The ZHAW deep voice is a package of multiple neural networks that try resolving the speaker clustering task. The goal is to provide a uniform way of data-access, -preprocession and analysis fo the results.
The suite supports two datasets at this point. The TIMIT dataset and the VoxCeleb2 dataset.
Further datasets may be added. To do so, you need to edit the common/extrapolation/speaker.py
and common/extrapolation/speaker_factory.py
to specify handling of dataset specifics.
The speaker list files are located in common/data/speaker_lists
.
This is a paid product from the LDC and can be obtained here.
This data also needs to be processed using the sph2pipe tool and be put in the folder common/data/training/TIMIT
.
This is a freely available dataset set and can be obtained here. It contains m4a-format audiofiles which need to be converted to .wav files to enable processing. You may use the audio_converter.py script to do so or alternatively use a tool of your choice (e.g. FFmpeg).

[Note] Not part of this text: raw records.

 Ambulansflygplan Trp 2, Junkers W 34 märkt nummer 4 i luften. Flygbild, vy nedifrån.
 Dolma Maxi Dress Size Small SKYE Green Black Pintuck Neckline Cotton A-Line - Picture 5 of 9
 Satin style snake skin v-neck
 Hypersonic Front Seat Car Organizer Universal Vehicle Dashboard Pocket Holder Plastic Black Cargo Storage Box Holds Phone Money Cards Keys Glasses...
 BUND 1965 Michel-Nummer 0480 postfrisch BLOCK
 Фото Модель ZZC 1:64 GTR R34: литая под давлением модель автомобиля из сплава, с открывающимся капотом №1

The converted data needs to be put in the folder common/data/training/VOXCELEB2
.
If you simply want to use it, you can let docker do the work for you and let it import all needed packages.
In any way, whether you fork and pull the source code or let docker handle it for you, the whole suite is controllable over a one file interface, controller.py
.
To view all available parametrs call
controller.py --help
Arguments are also listed here:
controller.py
-h, --help show this help message and exit
-setup Specify a dataset to run project setup. Available: 'timit', 'vox2'
-n NETWORKS The networks to use for training or analysis. Available: 'pairwise_lstm', 'pairwise_lstm_vox2', 'arc_face', 'pairwise_kldiv', 'luvo', 'gmm', 'i-vector'. All networks use different sets of parameters which can be configured in the file common/config.cfg
-train Train the specified network.
-test Test the specified network.
-best Just the best results of the networks will be used in -train or -plot
-plot Plots the last results of the specified networks in one file.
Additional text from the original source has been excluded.